# aiuto superkaramba (consiglio gestore applet kde) [RISOLTO]

## shun

scusate ragazzi, qnd avevo linux qualche anno fa usavo superkaramba come gestore applet kde

ora me l'hanno sconsigliato perchè vecchio, ma ci sono alternative valide a superkaramba? oppure riemergo il mio vecchio amico?
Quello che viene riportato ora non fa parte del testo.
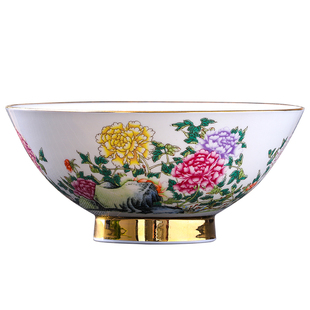 景德镇中式家用陶瓷饭碗单个仿古大号高脚防烫7寸大碗拉面碗寿碗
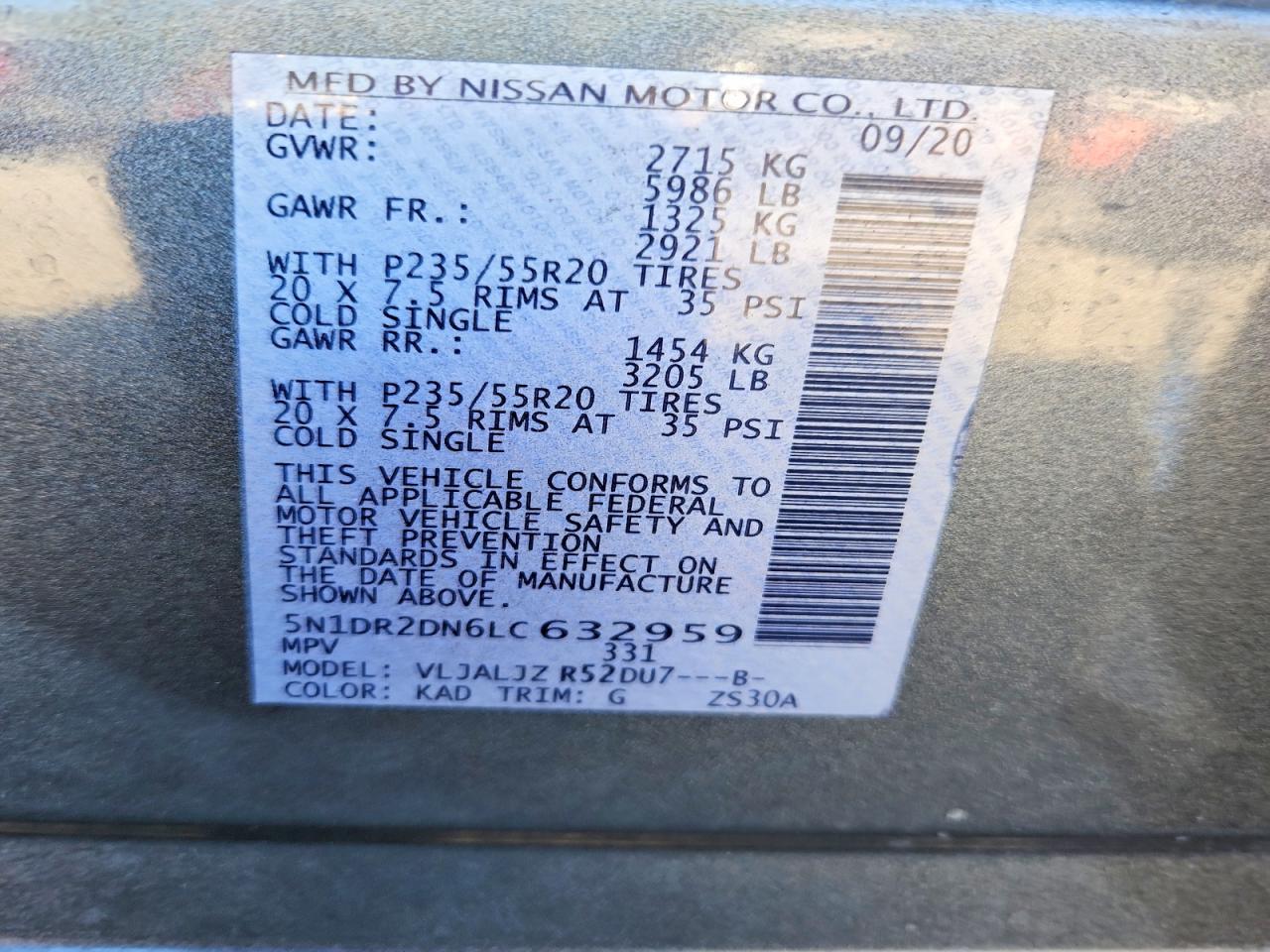 2020 NISSAN PATHFINDER PLATINUM photo 13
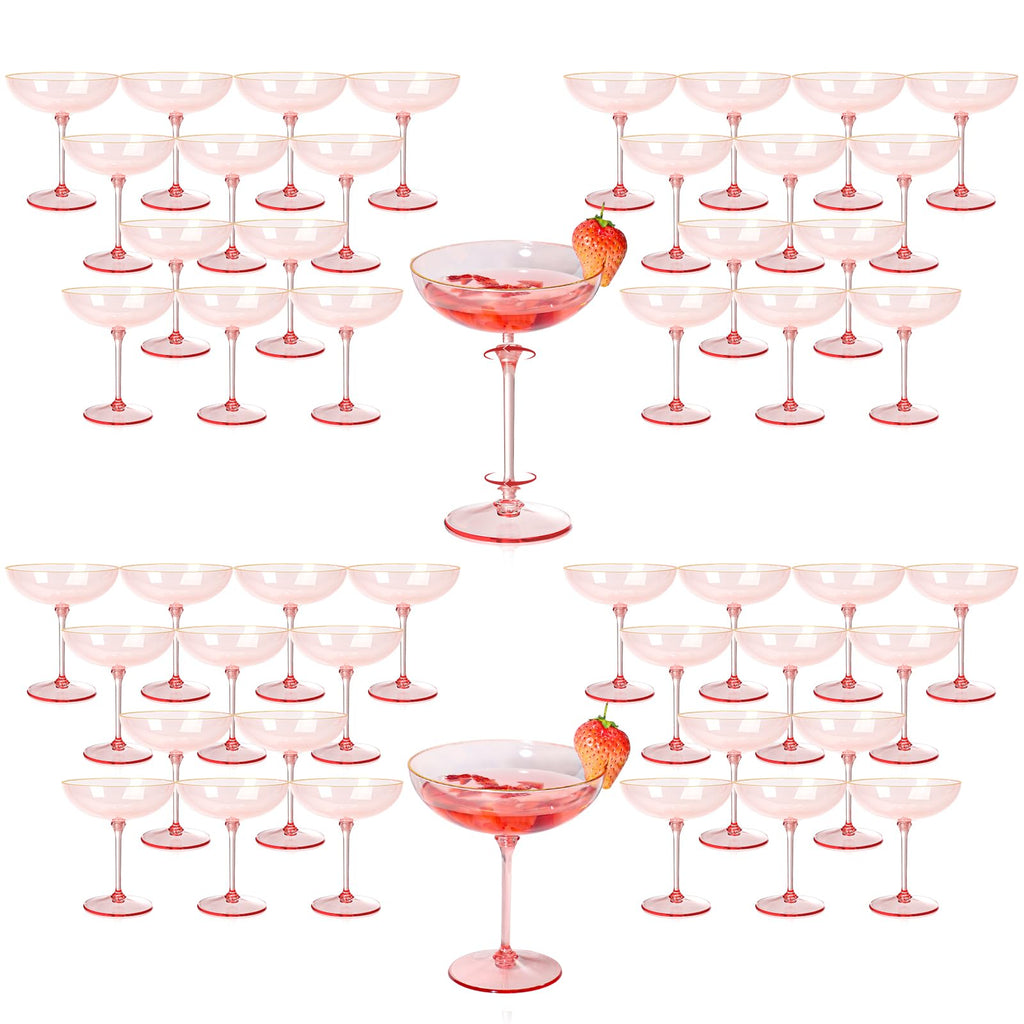 9oz Pink Plastic Martini Glasses Set K19735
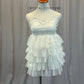 Off White Romper with Tulle Ruffle Skirt-Rhinestones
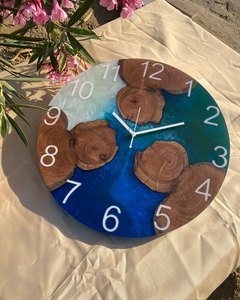 Horloge murale en bois naturel avec résine époxy bleue, pour la décoration de la maison ou du bureau, en provenance d'Inde - Product Image 5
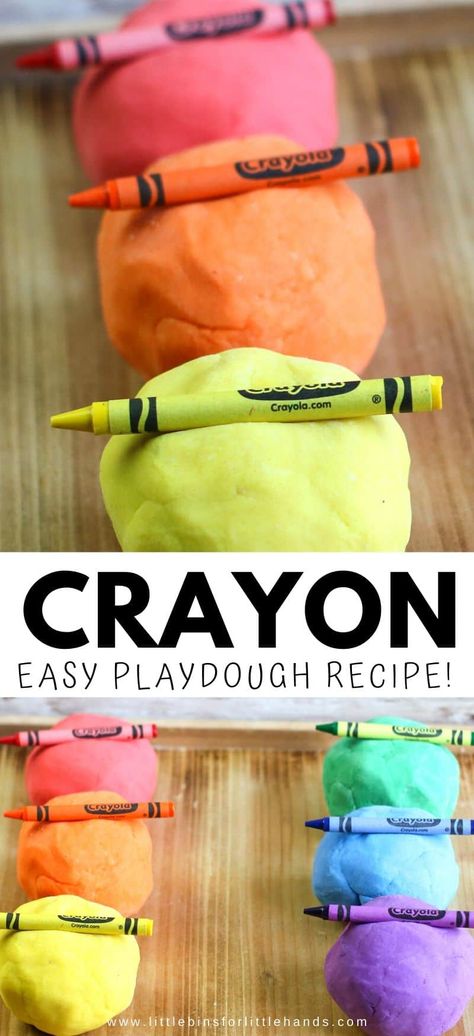 How To Make Crayon Playdough | Little Bins for Little Hands. How to make homemade crayon playdough with cream of tartar. Full instructions with our easy playdough recipes. A hands on and colorful activity for preschool and kindergarten aged kids to enjoy at home this summer! Things To Do With Old Crayons, Projects With Crayons, Crayon Sensory Bin, Crayon Art For Toddlers, What To Do With Crayons, Uses For Old Crayons, What To Do With Broken Crayons, Crafts With Old Crayons, Old Crayons What To Do With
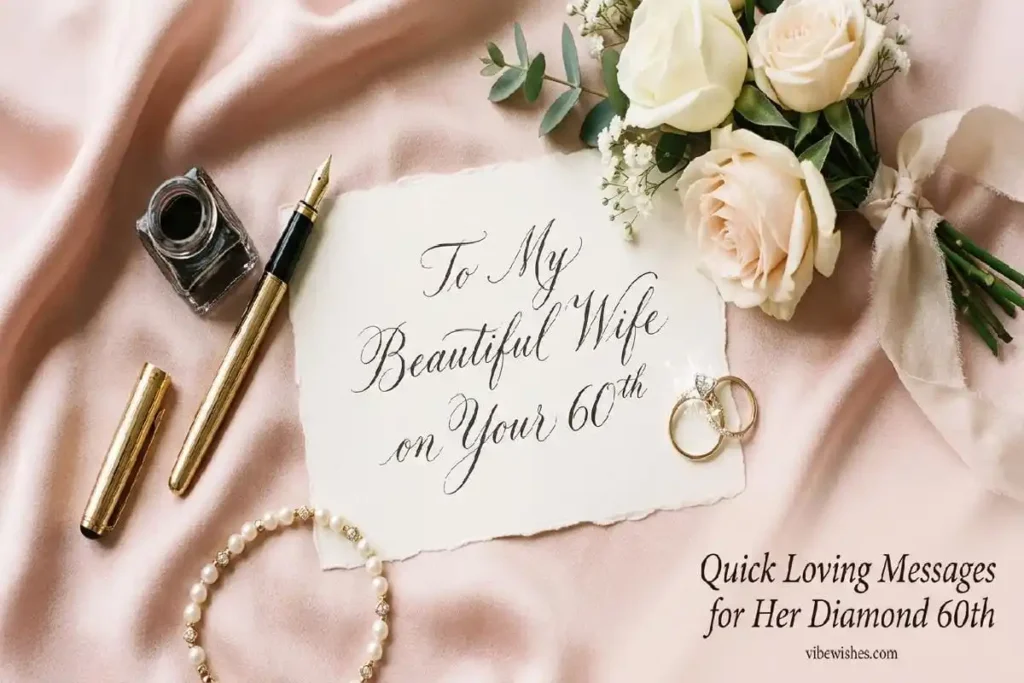 "Romantic handwritten 60th birthday card for wife with roses and pearls ready to copy and send loving message"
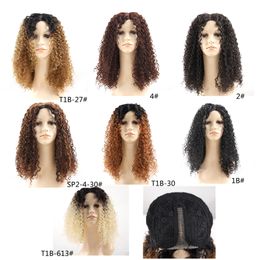 Synthetic Deep Wave Lace Hair Wigs Glueless Kinky Curly 16Inch Natural Piano Color For Black Women Daily Wig By Fashion Iconfactory direct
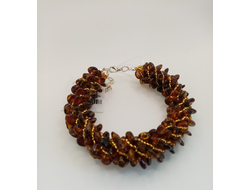 Браслет из натурального янтаря и Чешского бисера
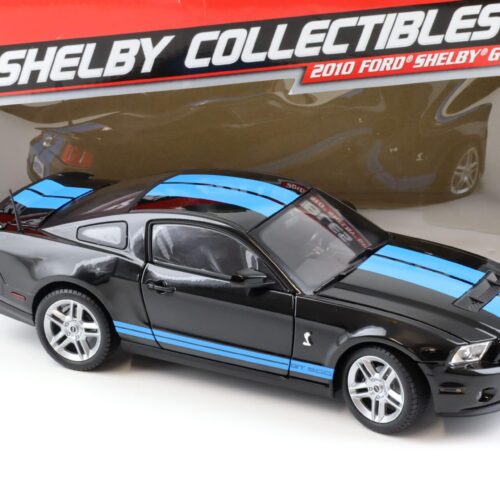 1:18 Shelby Collectibles 2010 Ford Shelby GT500 Coupe black with blue stripes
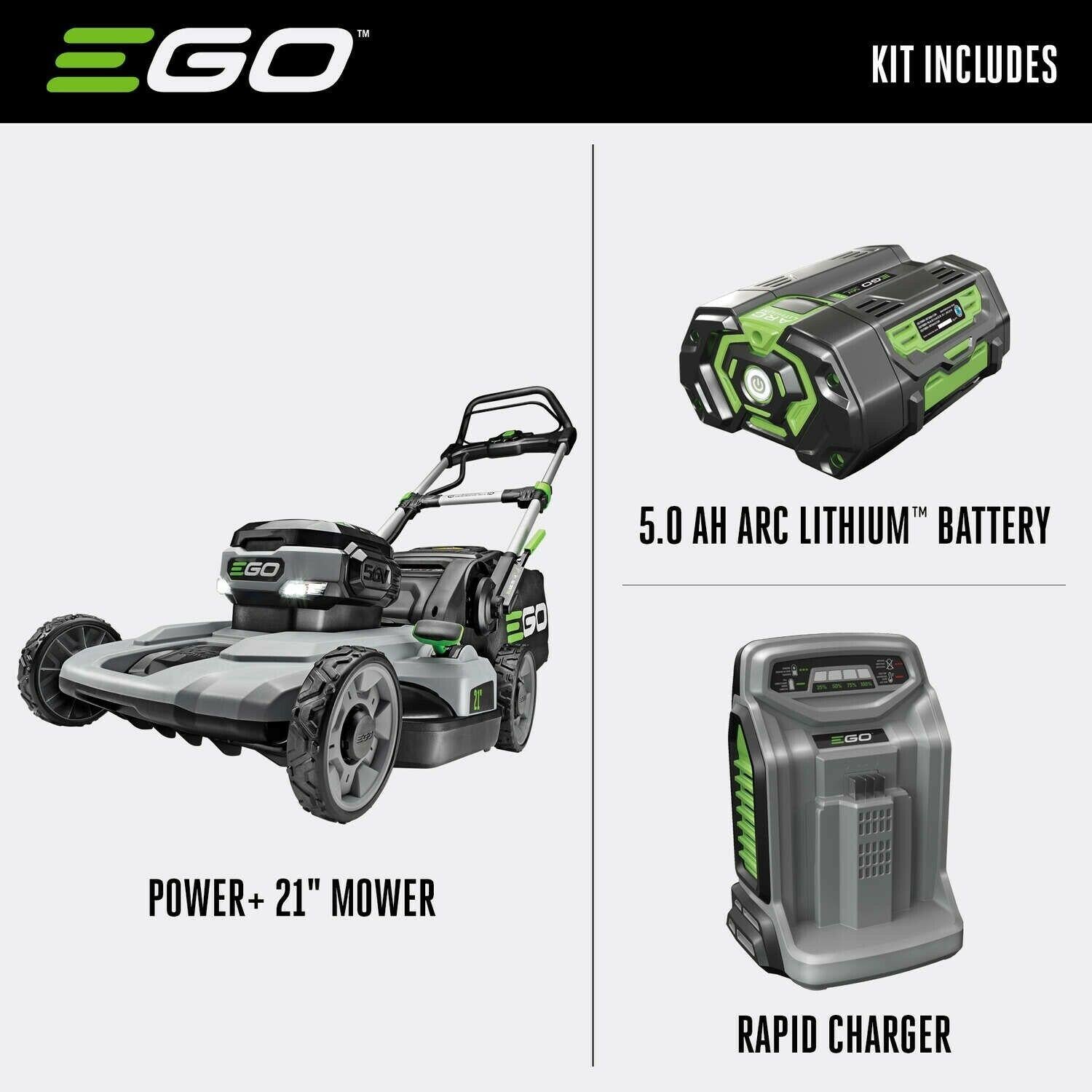EGO LM2101 21" 56V Cordless Push Lawn Mower - 5.0AH Battery & Charger Included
grazie 1000Last edited by shun on Fri Nov 16, 2007 8:59 pm; edited 3 times in total

----------

## Super_Treje

Piu' che altro superkaramba e' una utility per kde che ti permette/permetteva di avere widget sul desktop tipo questo : http://linuxblog.uni-duesseldorf.de/67/sc/superkaramba-supermonitor.png

Forse se ti piacciono questi programmi conviene che aspetti kde4.0 che ne sara' pieno zeppo   :Very Happy:  .

Bye  :Smile: 

----------

## Peach

 *shun wrote:*   

> scusate ragazzi, qnd avevo linux qualche anno fa usavo superkaramba come window manager...
> 
> ora me l'hanno sconsigliato perchè vecchio, ma ci sono alternative valide a superkaramba? oppure riemergo il mio vecchio amico?
> 
> grazie 1000

 

si ma superkaramba non è un window manager. è un gestore per le applet per il desktop di kde.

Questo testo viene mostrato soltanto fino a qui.